My plane landed perfectly on time at the airport in Lima. Luckily mine was the first plane to arrive at the gate that night as most international flights arrive late night and it’s suddenly chaos at customs and luggage retrieval just after a few flights have landed. It took me about 20 minutes to pass customs and retrieve my heavy duty backpack. Once out of the gates I noticed, in the mass of taxi drivers holding a sign, a man holding a tablet with my name on it. I walked to him and we greeted each other in Spanish. I asked him if he spoke English and after getting a negative answer I thought “Here we go, time to brush up my Spanish.” After nearly two hours of waiting for my friend Lindsey (and discussing all sort of things with the driver, including politics, in what was my first real conversation in Spanish) I was starting to worry that she had not made the flight as she was flying stand-by, but her smiley face made it through the gates and she explained that her plane, regardless of being on time, landed after all the others and therefore it took a long time to pass customs and the luggage carousel. The three of us headed to the taxi with destination our hostel in Miraflores, a nice area of Lima by the sea. Lindsey and I had met nearly randomly just a few weeks before and we still didn’t know if we were a good travel match. I had told a friend that I was going to Peru and her words to me after “Nice to meet you” were “Can I come?” I said “Sure” thinking that she might be joking until I received a text message a week later saying “This is Lindsey, I was serious about Peru” and now she was sitting next to me, in a cab in South America.
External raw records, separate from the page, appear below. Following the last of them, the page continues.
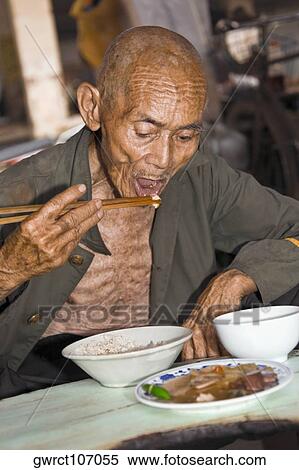 Senior man having food, XingPing, Yangshuo, Guangxi Province, China View Large Photo Image Stock Photography - Senior man having food, XingPing, Yangshuo, Guangxi Province, China. Fotosearch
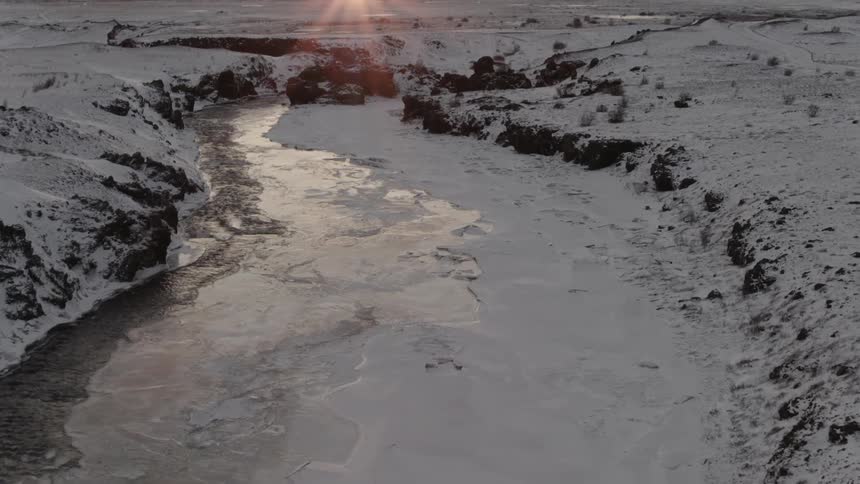 Snow hardens on top of a frozen river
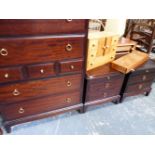 A STAG CHEST OF DRAWERS AND MATCHING BEDSIDE CHESTS.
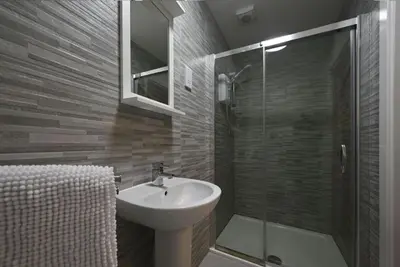 a bathroom with a sink and a glass shower at Talisker Apartrment in Oban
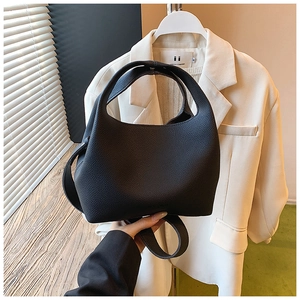 Detail of black lychee grain leather bucket bag with wide integrated handle texture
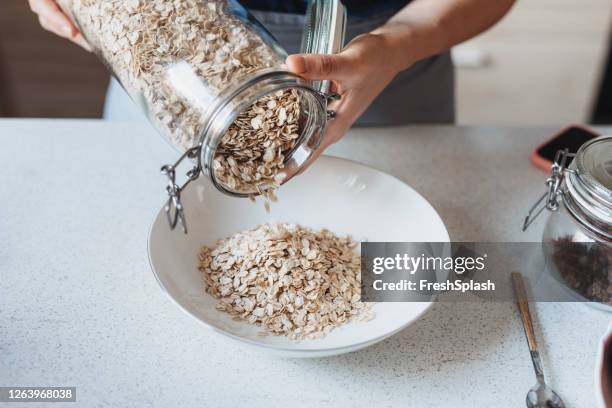 fare una colazione sana e nutriente: mani di una donna che versa avena arrotolata in una ciotola - fiocchi di avena foto e immagini stock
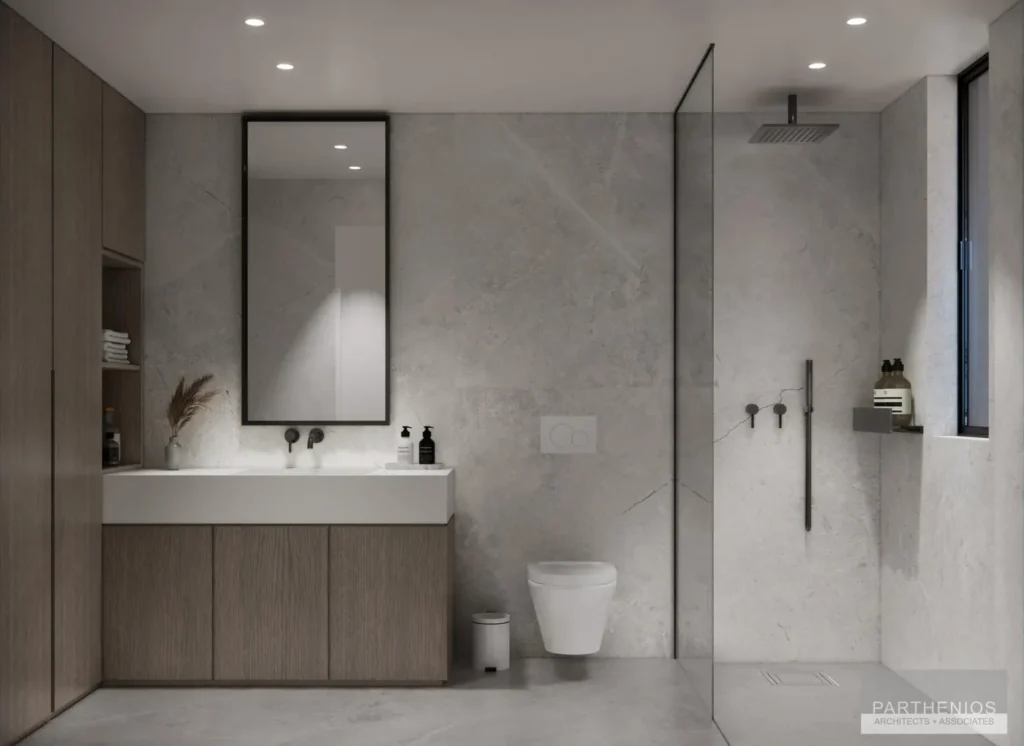 Minimal bathroom with large-format stone tiles, walk-in shower and floating timber vanity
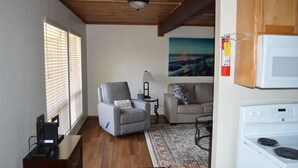 Un espacio habitable compacto con techo de madera, estufa blanca, sillón gris, sofá, una mesita con lámpara y un cuadro en la pared.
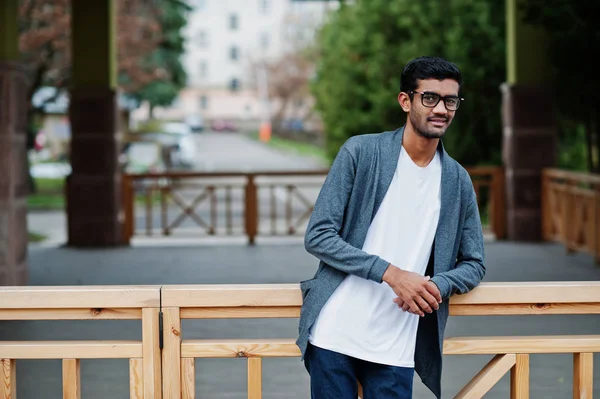 Stylish indian man at glasses wear casual posed outdoor.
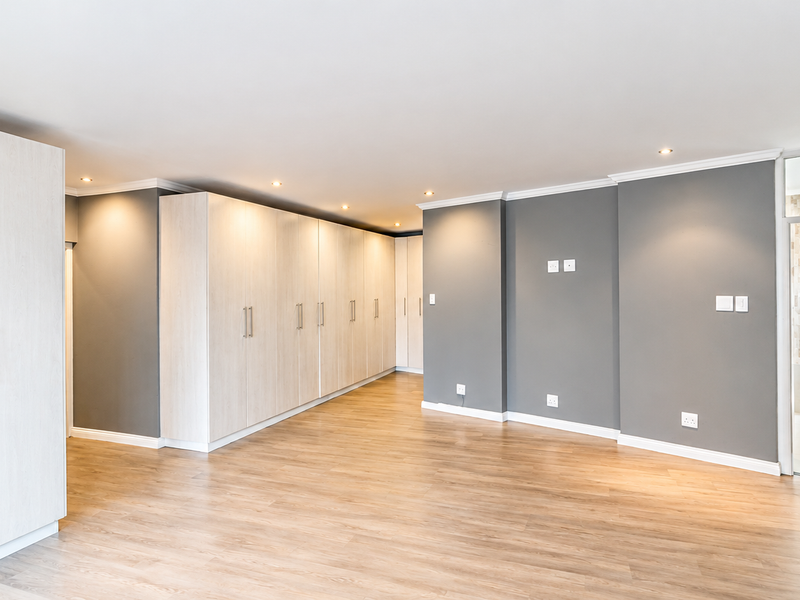 Spacious bedroom featuring extensive built-in cupboards, modern laminate flooring, recessed downlighting, and neutral grey wall finishes.
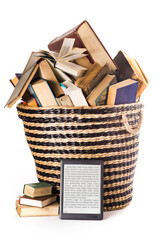 e-book against paper books, e-book next to a trash can with books.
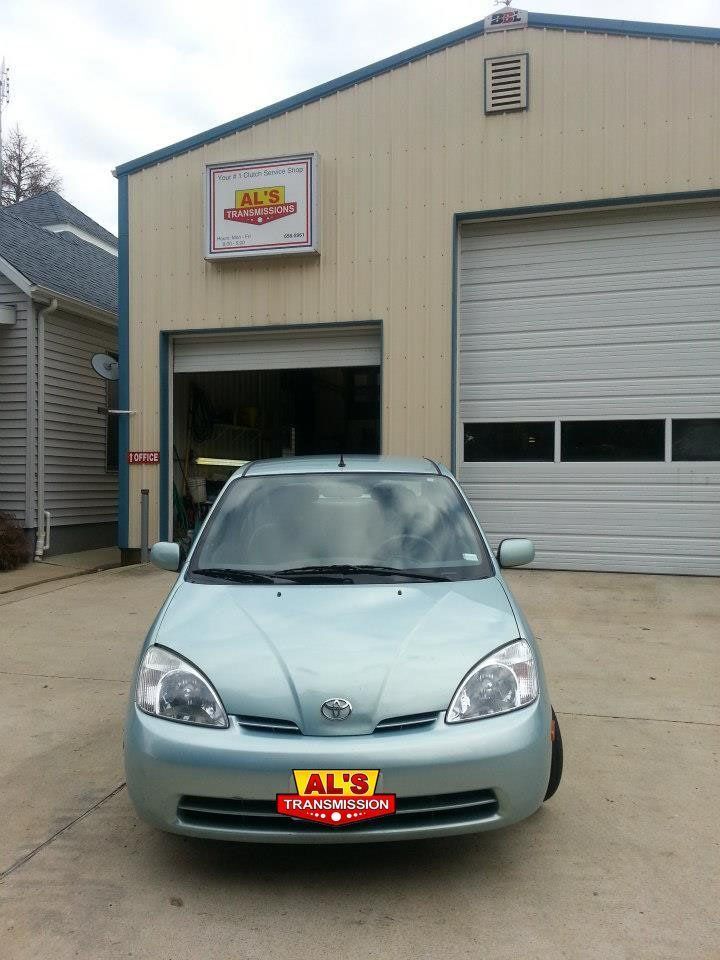 Light blue compact car parked outside an auto repair shop garage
We were greeted by the very nice hostel owners and after checking in our quaint but clean room we tried to fall asleep, by now it was nearly 2am. Sleep didn’t happen until 4am but we were already up at 8 to start our discovery of Peru’s capital.

We decided to have a mellow day and after a quick breakfast walked around the shoreline of Miraflores, stopping at parks to take photos and checking out the neighborhood. Walking took us to a shopping center on the edge of a cliff overlooking the Pacific Ocean and we sat at a restaurant where we could taste some local cuisine. We found our plates to be very flavorful, I especially liked the “anticuchos de corazon,” pieces of beef heart roasted in a skewer, which reminded me of something similar from Sardinia. We sat at the shopping center for a while watching the paragliders fly by the cliffs and offering rides to tourists and then strolled some more around the streets. On my flight to Lima I was sitting next to a man from the city who gave me many recommendations about places to see, what and where to eat and even the address of a car rental company. We visited the car rental and asked to speak to the lady whom I was referred to, who turned out to be the owner. She welcomed us into her office and after sitting down we explained that we were planning to visit Arequipa in the south of Peru and Cuzco. Since rental was around $500 with a drop-off in a city other than Lima we expected her to try and convince us to rent a car instead she was adamant on the fact that in Peru people drive dangerously and we should instead take a bus to our destinations. She even made phone calls to the most prominent bus companies to check schedule and prices and we finally decided that exploring the country by bus was the best way for us to see places and meet people.

Around sunset time we headed back to our hostel in Miraflores where Pedro, one of the owners made us a welcoming Pisco Sour, the local concoction made with Pisco, a peruvian liquor, egg white and lime. Delicious. The perfect way to end a perfect day.